Einschüchterung als Druckmittel
Da sich das Internet auch in Syrien nicht hundertprozentig kontrollieren lasse und die Sperrung bestimmter Seiten technisch einfach zu umgehen sei, setze die Regierung vor allem auf psychologische Effekte, erklärt Darwich. Maßnahmen wie die Kundenregistrierung in Internetcafés dienten eher der persönlichen Verunsicherung als einer effektiven Überwachung, sagt er. "Wenn ich eine verbotene Internetseite öffnen will, aber im Vorfeld meine Daten registriert werden, dann habe ich Angst und lasse es lieber bleiben", so Darwich.
Vor dem gleichen Hintergrund betrachtet der Medienexperte die Urteile gegen fünf Internetaktivisten, die derzeit mehrjährige Haftstrafen absitzen. Zuletzt verurteilte das Oberste Strafgericht in Damaskus Anfang April den Autor Habib Saleh zu drei Jahren Gefängnis, für den 61-Jährigen bereits die dritte Haftstrafe in neun Jahren.
Die Anschuldigungen seien stets die gleichen, betont Darwich, sie reichen von der "Verbreitung falscher Informationen" über die "Schwächung nationaler Gefühle und Diffamierung des Präsidenten" bis zum "Schüren ethnischer und konfessioneller Konflikte“ und setzten dadurch das in der syrischen Verfassung festgeschriebene Recht auf freie Meinungsäußerung außer Kraft.

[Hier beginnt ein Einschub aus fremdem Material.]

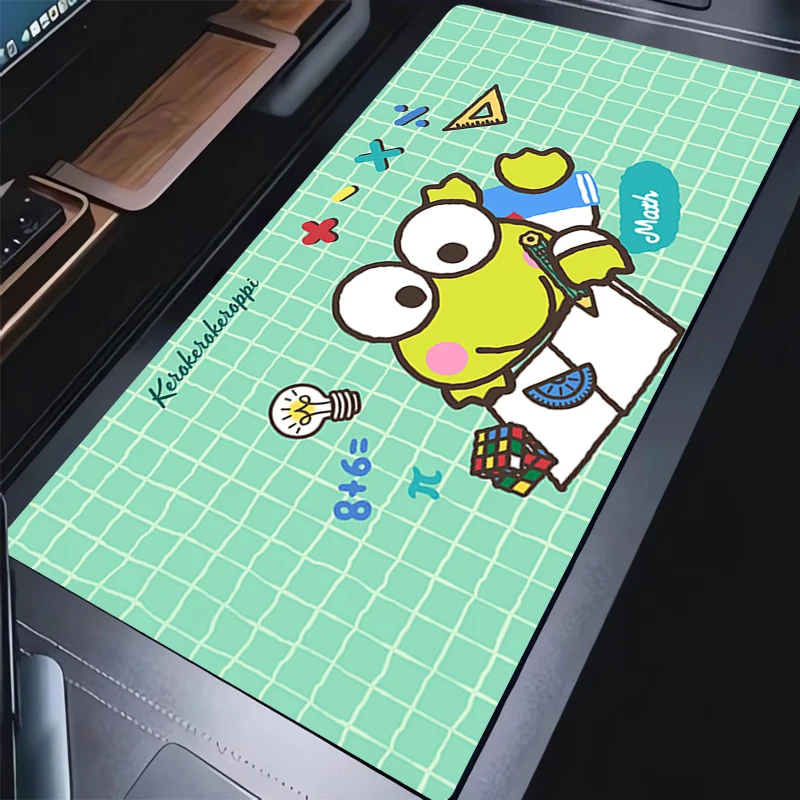 Mouse Pad Office Carpet Mouse Mats Gamer Rug Desk Non-Slip Accessories Computer Table Pads PC carpet kerokerokeroppl Mousepad 
Mouse Pad Office Carpet Mouse Mats Gamer Rug Desk Non-Slip Accessories Computer Table Pads PC carpet kerokerokeroppl Mousepad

Das Regime habe an den fünf Aktivisten ein Exempel statuiert, damit syrische Blogger und Online-Journalisten eine Art Selbstzensur entwickelten, meint der Leiter des Medienzentrums.
Vorladung beim Geheimdienst
Die syrische Journalistin Bahia Mardini bemüht sich, diese ihrer Meinung nach "schlimmste Form der Zensur“ nicht aufkommen zu lassen. Die 39-Jährige schreibt seit Jahren für die in London produzierte Internetseite "Elaph", eines von zahlreichen Nachrichtenportalen, die in Syrien gesperrt sind. Bis heute hat das Informationsministerium die Korrespondentin nicht akkreditiert, Mardini besitzt keinen syrischen Presseausweis. Wie viele ihrer Kollegen muss sie regelmäßig beim Geheimdienst erscheinen.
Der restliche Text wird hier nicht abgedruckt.